On Wednesday, the High Court handed down a landmark decision that confirmed parentage rights to a man who donated his sperm to a woman who wanted to have a child.
The ruling could impact thousands of couples and single women whose children were conceived with known sperm donors.
It could also significantly impact the relationship between Commonwealth and state laws on parental matters in situations where children are born via artificial conception.
The facts of the case
Robert Masson and Susan Parsons (their court pseudonyms) had been friends for decades before deciding to “privately and informally” conceive a child in December 2006.
According to court documents, Masson was involved in the girl’s life from birth and developed a close relationship with her, including overnight visits and attending school performances. Masson was listed as the father on the girl’s birth certificate, and she refers to him as “Daddy.”
After the girl was born, Parsons had a second child with her partner, who is not biologically related to Masson. In 2015, Parsons married her partner in New Zealand and wanted to relocate there permanently with the two children.
Masson took legal action to prevent the women from moving, a move that would have effectively separated him from his biological daughter.
Legal parentage considered in family court
In 2017, Justice Margaret Cleary of the family court prevented the mothers from relocating to New Zealand, ruling that Masson was the father of the girl based on a section of the Commonwealth Family Law Act 1975 that deals with the parentage of children born via artificial conception procedures.
In her ruling, Cleary gave weight to Masson’s intentions when the girl was conceived and his subsequent involvement in her life.
On appeal, the mothers argued that Cleary failed to consider a section of the NSW Children Act 1996 which states:
If a woman (whether married or unmarried) becomes pregnant by means of a fertilisation procedure using any sperm obtained from a man who is not her husband, that man is presumed not to be the father of any child born as a result of the pregnancy.
This section goes on to state that this presumption is irrebuttable.
The full family court agreed with this argument and found that this section of the state act must be applied when questions of parentage arise in a federal court.
As a consequence, Masson was presumed not to be the legal parent. The court also rejected the notion that a child can have more than two parents.
Masson filed an appeal to the High Court earlier this year. In an unusual step, both the Commonwealth and Victorian attorneys-general filed notices of intervention to argue which laws they believed should apply when determining parentage rights in sperm donor cases. (Victoria intervened because it had an interest in making sure state law was applied, even though the case originated in NSW.)
Can a sperm donor be a legal parent?
In this week’s ruling, a majority of the High Court found there was no reason to doubt Cleary’s conclusion that Masson was, in fact, a parent of the child.

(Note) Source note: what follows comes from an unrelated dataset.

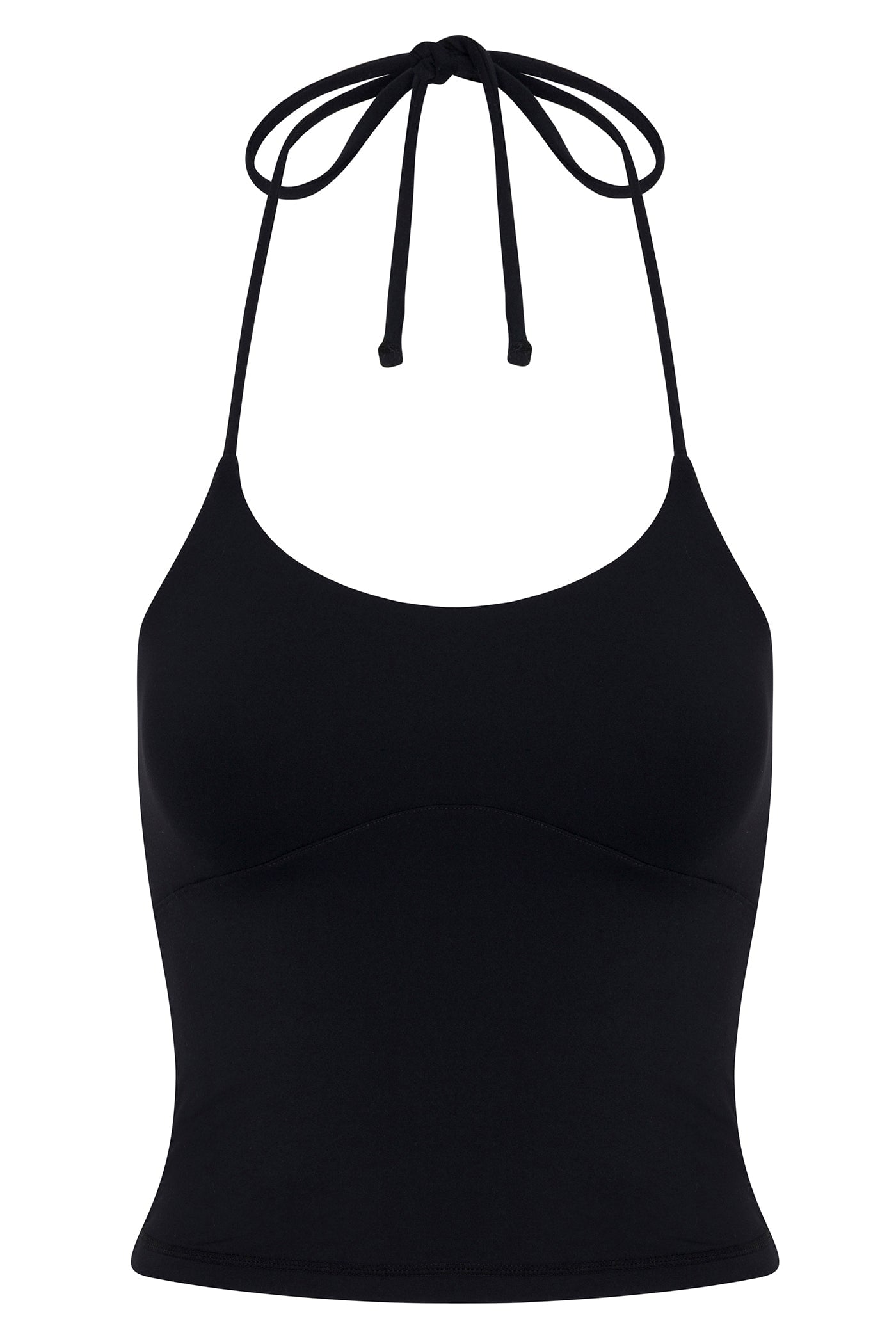 Second Skin Double Lined Cut Out Halter Top - Black image 11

The court concluded that the federal act’s definition of a parent was not exhaustive, and
the question of whether a person is a parent of a child born of an artificial conception procedure depends on whether the person is a parent of the child according to the ordinary, accepted English meaning of ‘parent’.
Interestingly, the court was silent on whether a child could have more than two legal parents, but did suggest that the federal act might support this assumption.
The majority pointed out that it was
unnecessary to decide whether a man who relevantly does no more than provide his semen to facilitate an artificial conception procedure that results in the birth of a child falls within the ordinary accepted meaning of the word ‘parent’.
In this case, Masson had clearly demonstrated an ongoing involvement and relationship with the child, meeting the definition of “parent” under the federal act.
What is the impact of this decision?
This means that the federal act, which recognises a broad range of people who may qualify as parents, will apply in future cases seeking to determine parentage rights. This can now include sperm donors who demonstrate they meet the definition of a parent under the act.
While the extension of the definition of “legal parent” to a sperm donor may initially appear to be far-reaching, the implications of this decision are limited.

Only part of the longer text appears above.